== EXCERPTED DATA ==
== Segment start ==
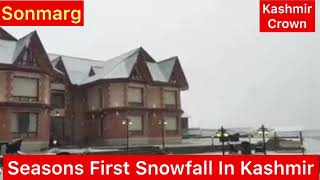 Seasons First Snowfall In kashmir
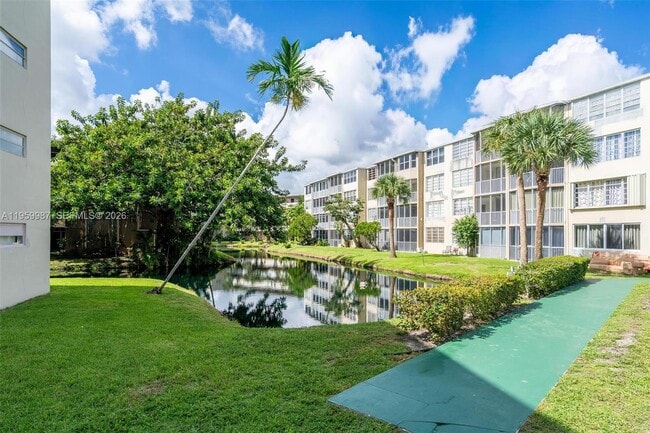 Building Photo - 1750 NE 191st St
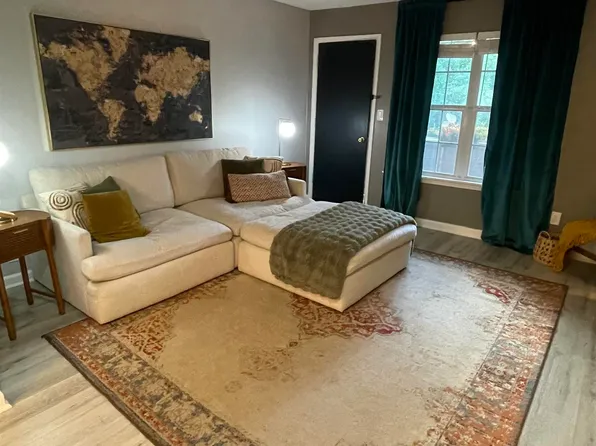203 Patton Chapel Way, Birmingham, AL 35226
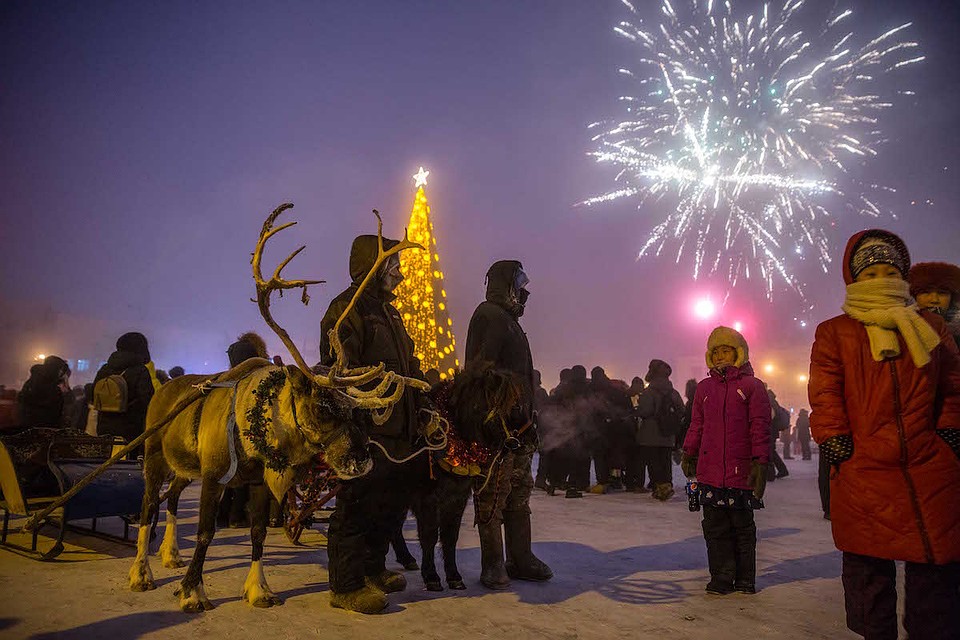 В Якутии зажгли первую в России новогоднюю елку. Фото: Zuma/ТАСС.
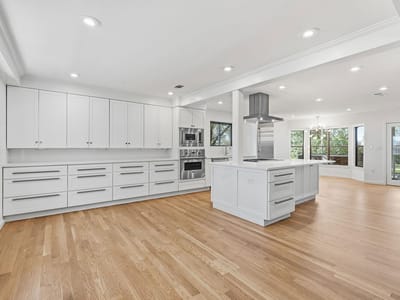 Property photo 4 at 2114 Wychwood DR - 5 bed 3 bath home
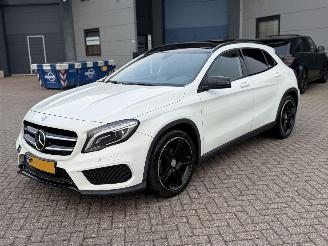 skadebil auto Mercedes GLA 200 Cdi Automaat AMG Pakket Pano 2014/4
== Segment end ==
== Segment start ==
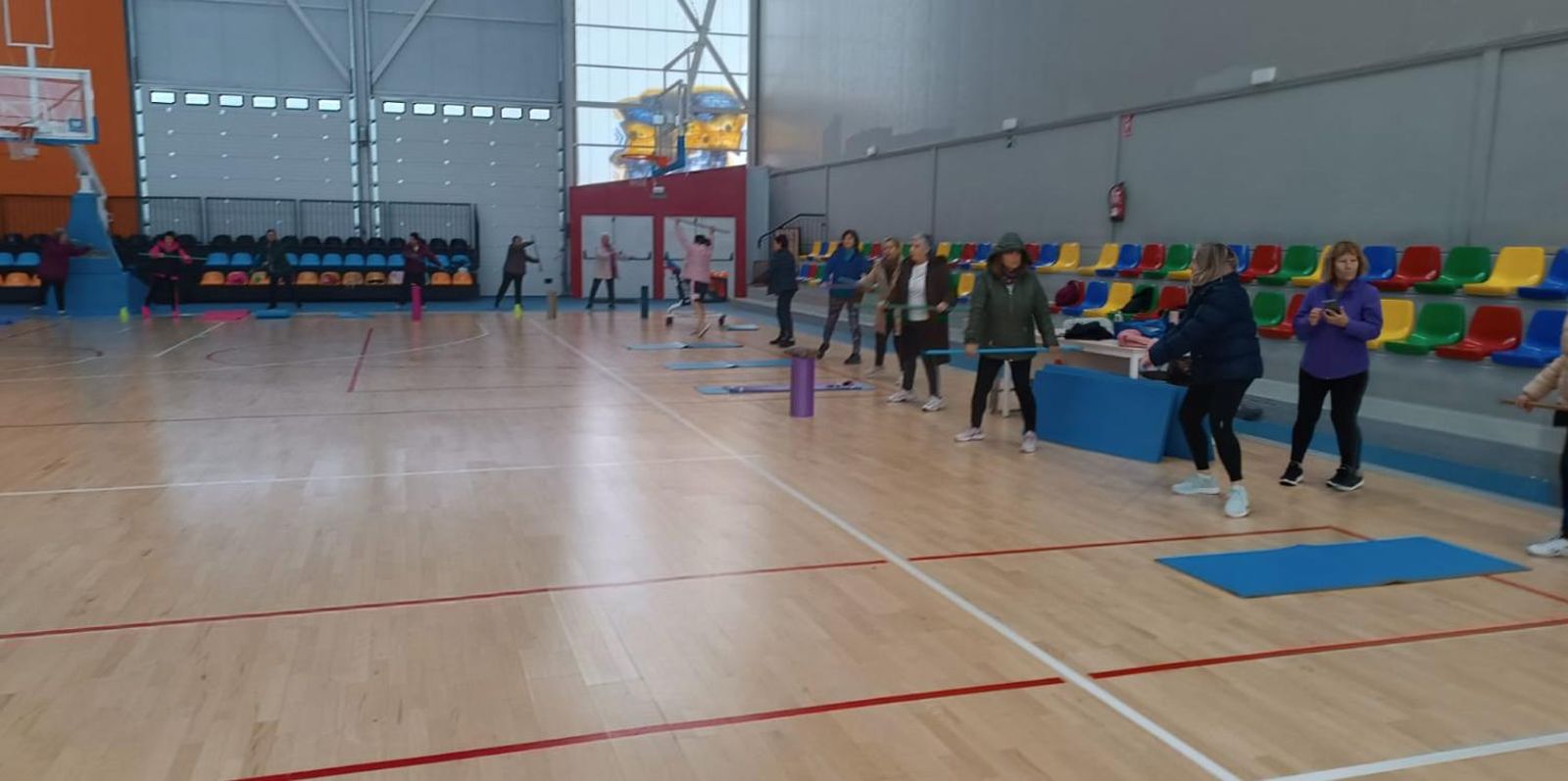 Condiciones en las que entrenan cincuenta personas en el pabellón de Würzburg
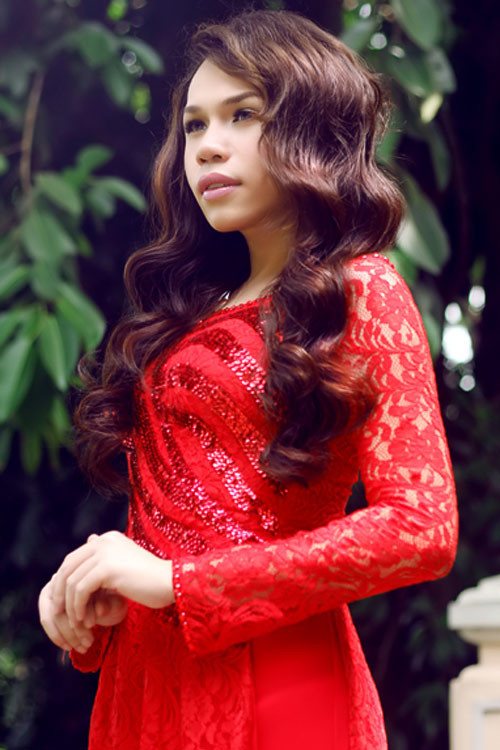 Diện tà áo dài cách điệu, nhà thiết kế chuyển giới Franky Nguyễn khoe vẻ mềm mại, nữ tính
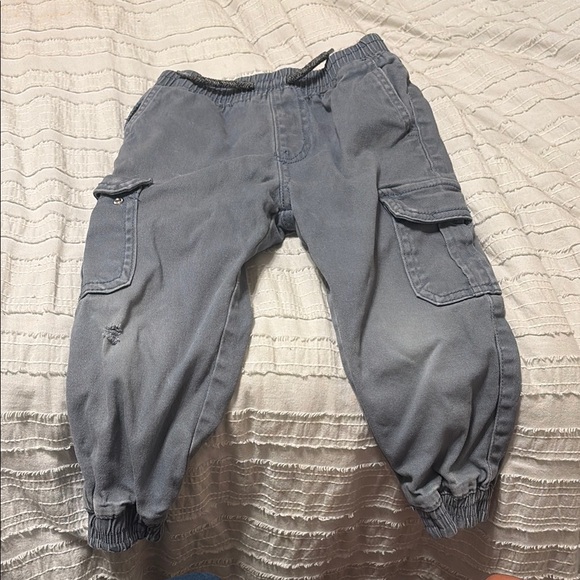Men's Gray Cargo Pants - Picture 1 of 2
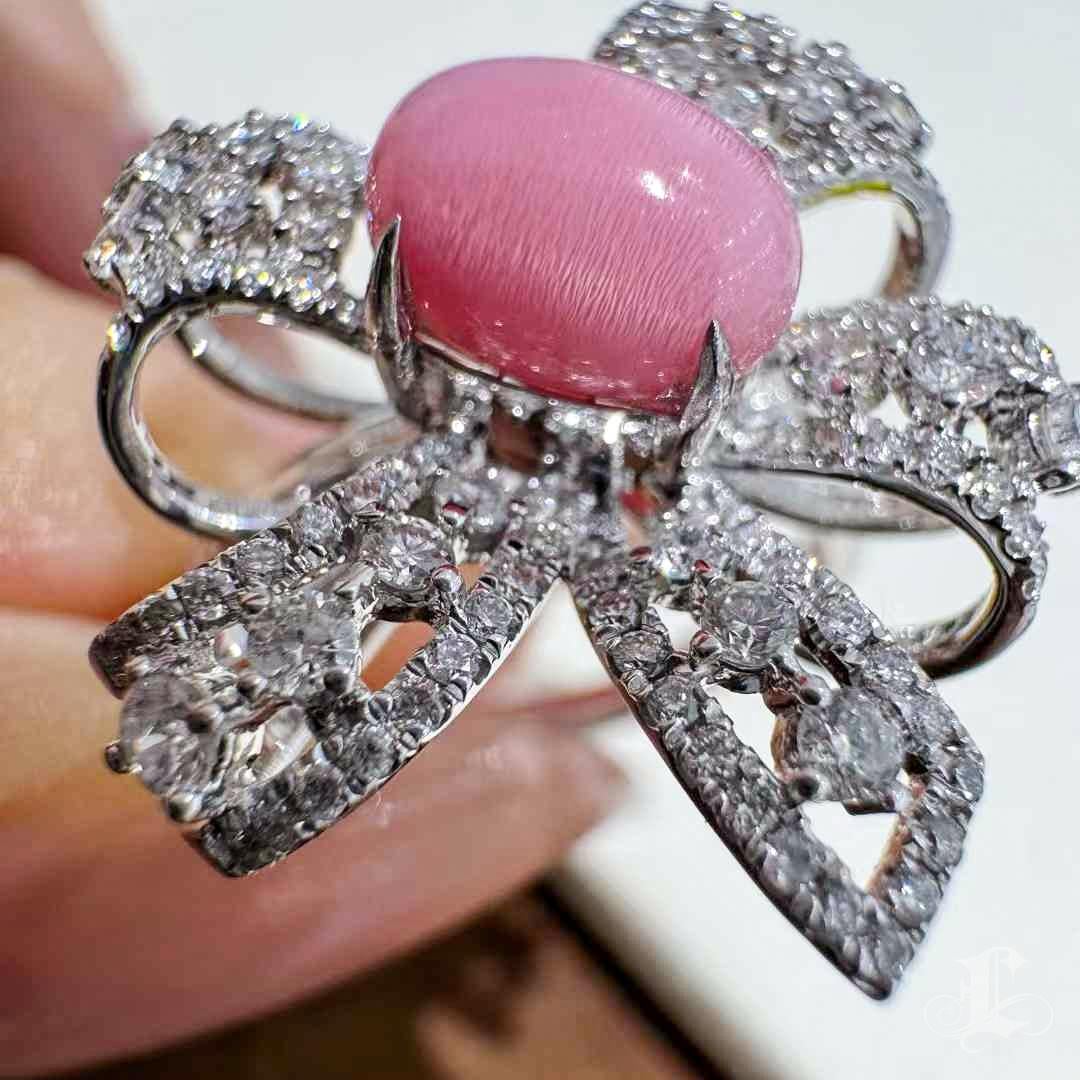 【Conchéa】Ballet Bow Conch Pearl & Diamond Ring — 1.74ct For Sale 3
== Segment end ==
Go back to the lines above and output, exactly as they stand, the ones from the line containing "Seasons First Snowfall In kashmir" to the line containing "Property photo 4". Leave all pictures behind.

 Seasons First Snowfall In kashmir
 Building Photo - 1750 NE 191st St
203 Patton Chapel Way, Birmingham, AL 35226
 В Якутии зажгли первую в России новогоднюю елку. Фото: Zuma/ТАСС.
 Property photo 4 at 2114 Wychwood DR - 5 bed 3 bath home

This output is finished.